--- TASK TO CARRY OUT ---
Give the whole listing below once more, exactly, without pictures.

--- DATA SHOWN ---
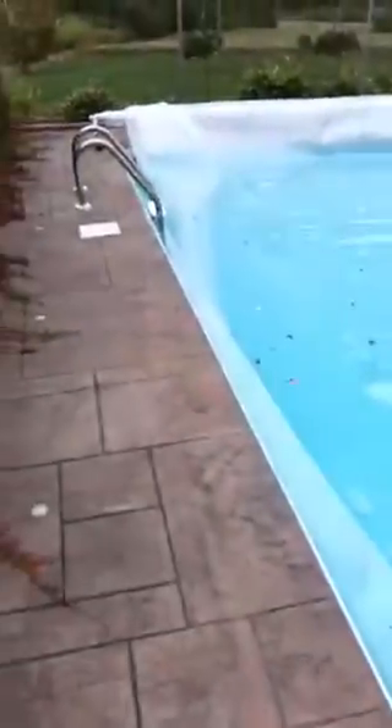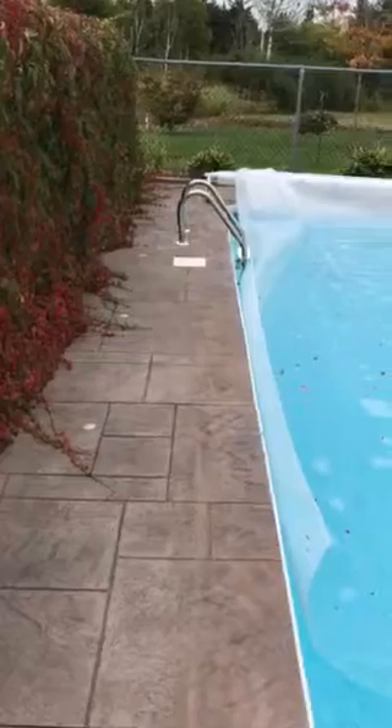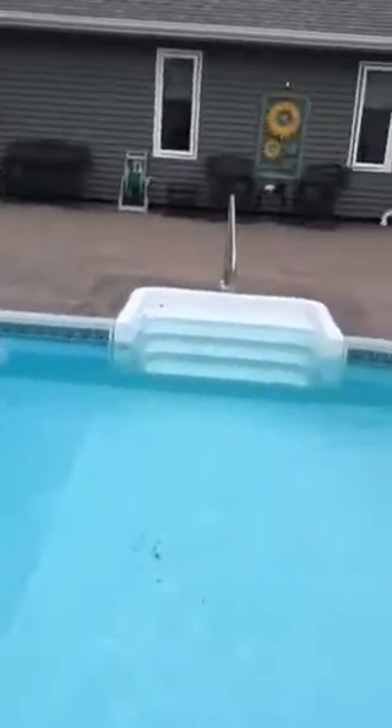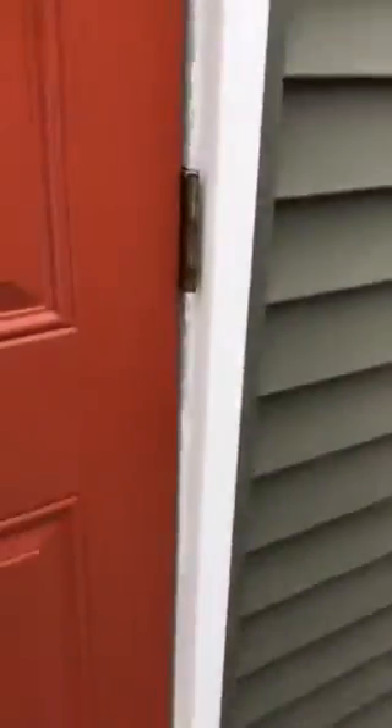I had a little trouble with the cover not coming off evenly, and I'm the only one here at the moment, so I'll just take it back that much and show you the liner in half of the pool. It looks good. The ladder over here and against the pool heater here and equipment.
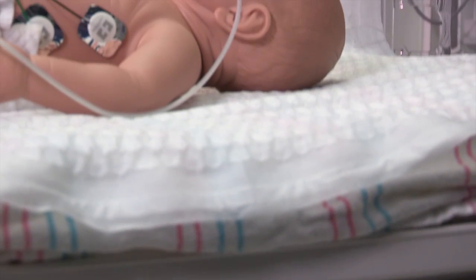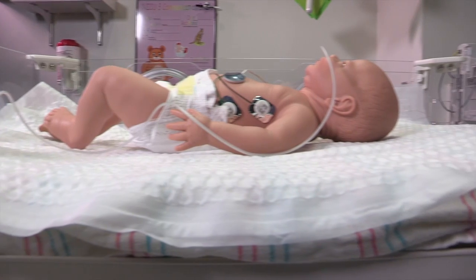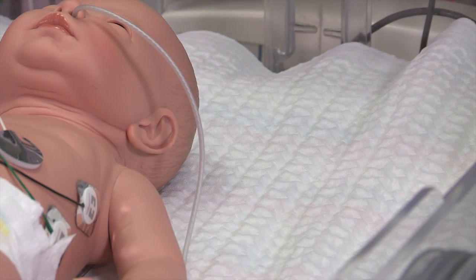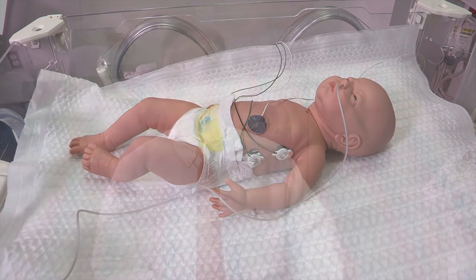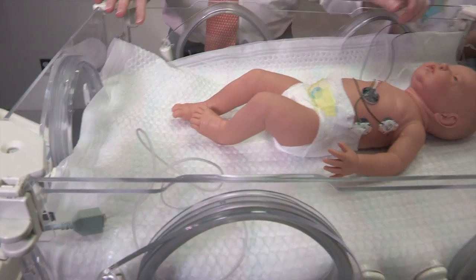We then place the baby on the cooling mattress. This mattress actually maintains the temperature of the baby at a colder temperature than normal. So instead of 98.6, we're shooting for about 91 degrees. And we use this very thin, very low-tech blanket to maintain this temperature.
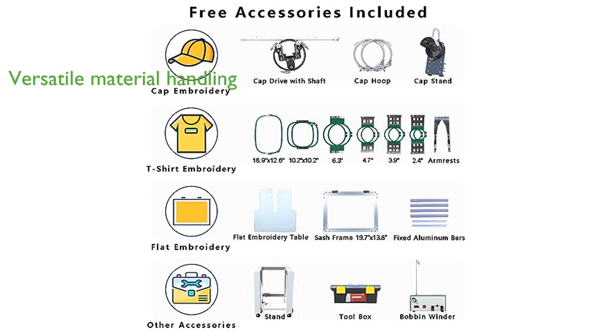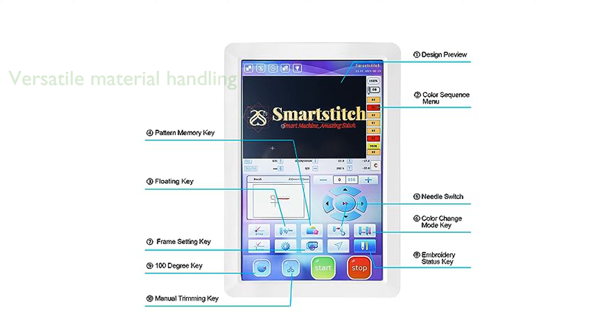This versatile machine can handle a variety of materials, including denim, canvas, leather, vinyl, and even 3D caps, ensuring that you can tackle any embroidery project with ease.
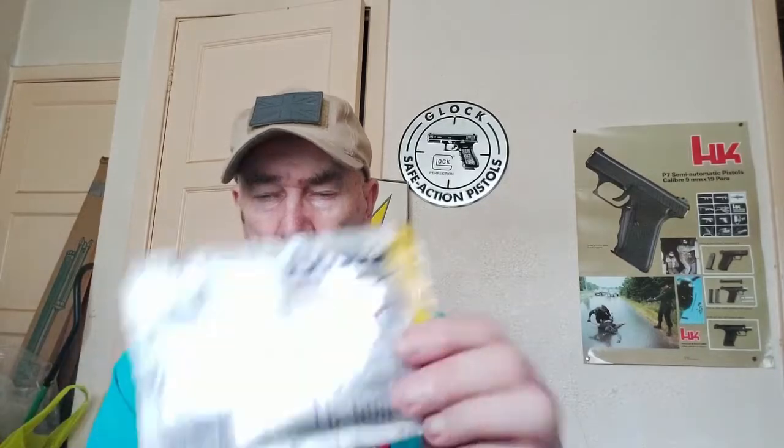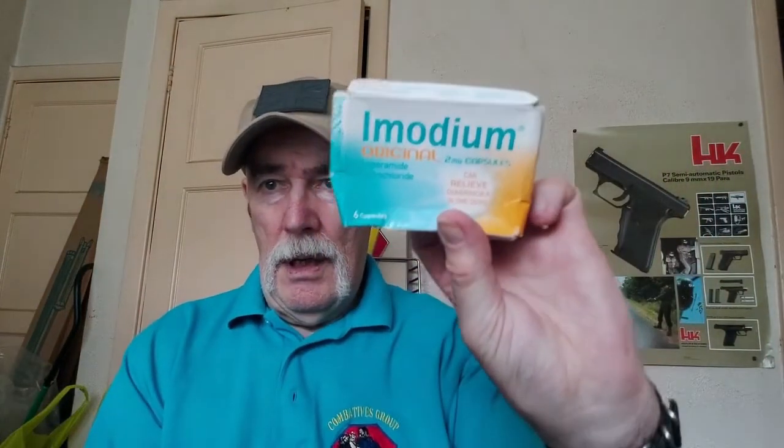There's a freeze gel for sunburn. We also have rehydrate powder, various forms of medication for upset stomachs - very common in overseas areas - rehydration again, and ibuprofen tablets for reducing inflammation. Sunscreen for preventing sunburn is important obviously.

--- RESPONSE TO THIS EXERCISE ---
I had a little trouble with the cover not coming off evenly, and I'm the only one here at the moment, so I'll just take it back that much and show you the liner in half of the pool. It looks good. The ladder over here and against the pool heater here and equipment.
We then place the baby on the cooling mattress. This mattress actually maintains the temperature of the baby at a colder temperature than normal. So instead of 98.6, we're shooting for about 91 degrees. And we use this very thin, very low-tech blanket to maintain this temperature.
This versatile machine can handle a variety of materials, including denim, canvas, leather, vinyl, and even 3D caps, ensuring that you can tackle any embroidery project with ease.
There's a freeze gel for sunburn. We also have rehydrate powder, various forms of medication for upset stomachs - very common in overseas areas - rehydration again, and ibuprofen tablets for reducing inflammation. Sunscreen for preventing sunburn is important obviously.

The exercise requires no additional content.